**What is expected:** In the listing that follows, the lines starting at the one containing "Chalet Luxe Livigno Kültér fotó" and ending at the one containing "Minibar, rideaux d’obscurcissement, lit" are to be returned exactly, both boundary lines included, and no others.

**The records:**

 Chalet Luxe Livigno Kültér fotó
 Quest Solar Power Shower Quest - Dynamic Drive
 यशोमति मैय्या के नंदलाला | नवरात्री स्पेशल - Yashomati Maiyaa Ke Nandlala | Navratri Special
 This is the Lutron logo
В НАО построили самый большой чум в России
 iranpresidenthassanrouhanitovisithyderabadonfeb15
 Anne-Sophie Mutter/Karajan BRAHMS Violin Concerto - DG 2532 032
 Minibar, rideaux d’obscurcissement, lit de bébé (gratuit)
---
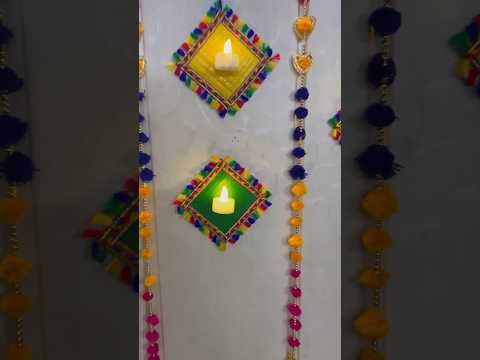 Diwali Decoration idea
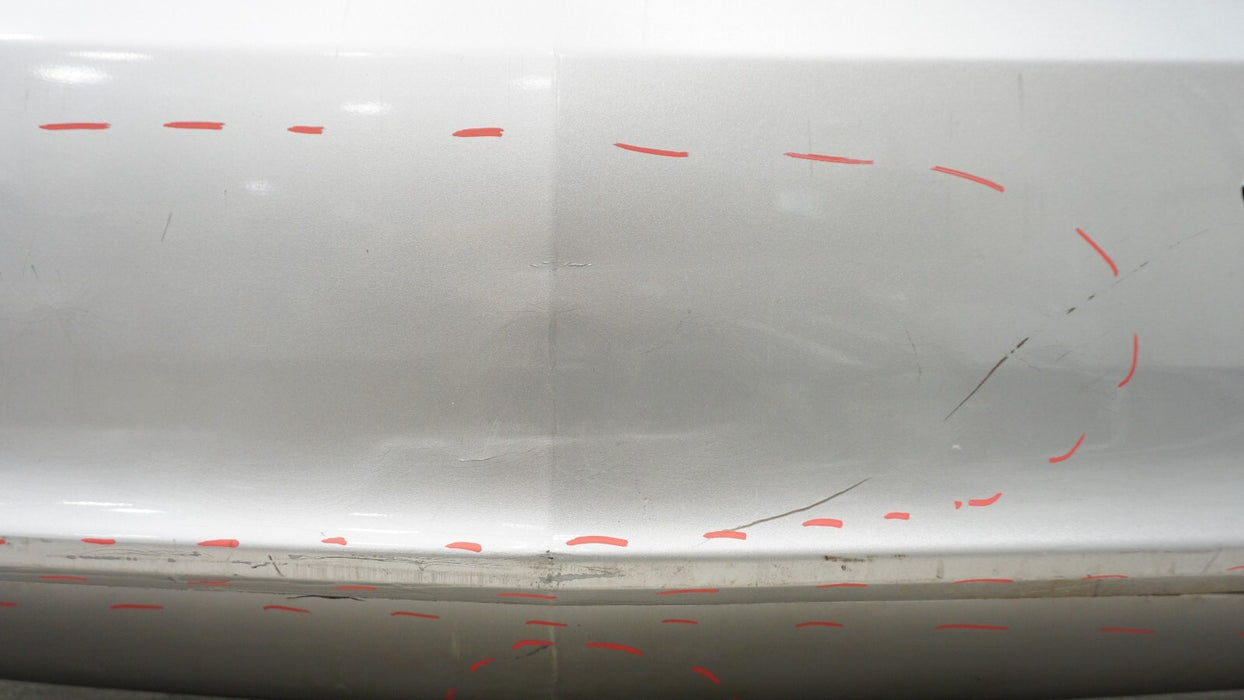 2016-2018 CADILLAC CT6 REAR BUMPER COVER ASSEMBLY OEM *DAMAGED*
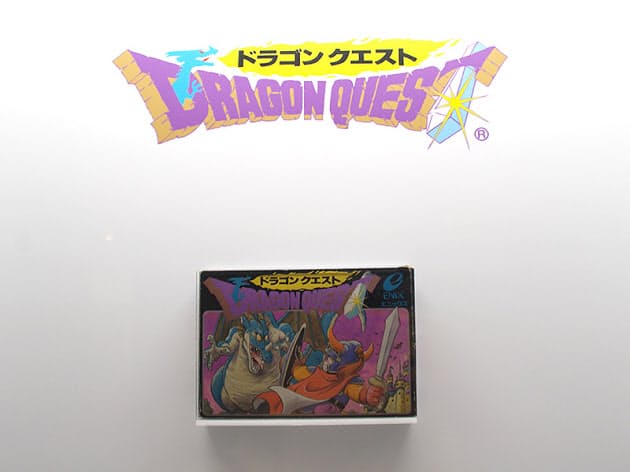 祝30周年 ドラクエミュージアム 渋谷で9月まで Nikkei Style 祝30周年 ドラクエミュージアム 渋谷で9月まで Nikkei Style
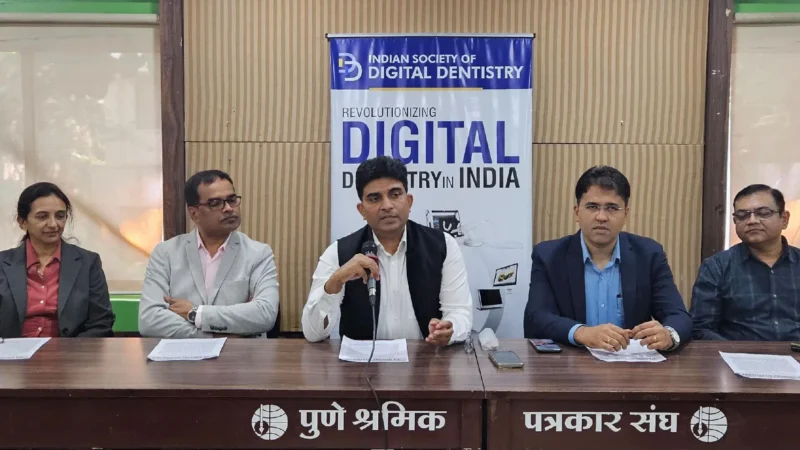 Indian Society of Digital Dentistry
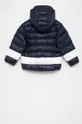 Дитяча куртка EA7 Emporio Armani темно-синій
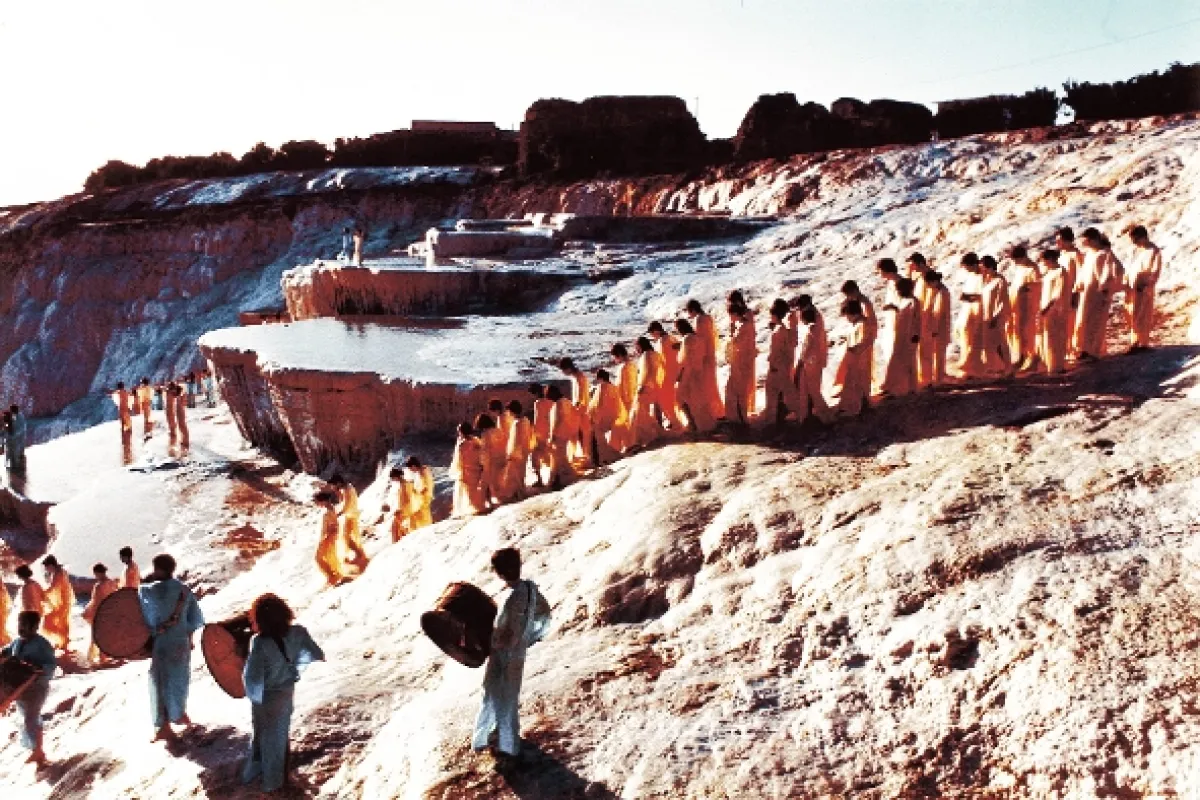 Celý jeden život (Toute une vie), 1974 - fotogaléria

**Result below:**
 Chalet Luxe Livigno Kültér fotó
 Quest Solar Power Shower Quest - Dynamic Drive
 यशोमति मैय्या के नंदलाला | नवरात्री स्पेशल - Yashomati Maiyaa Ke Nandlala | Navratri Special
 This is the Lutron logo
В НАО построили самый большой чум в России
 iranpresidenthassanrouhanitovisithyderabadonfeb15
 Anne-Sophie Mutter/Karajan BRAHMS Violin Concerto - DG 2532 032
 Minibar, rideaux d’obscurcissement, lit de bébé (gratuit)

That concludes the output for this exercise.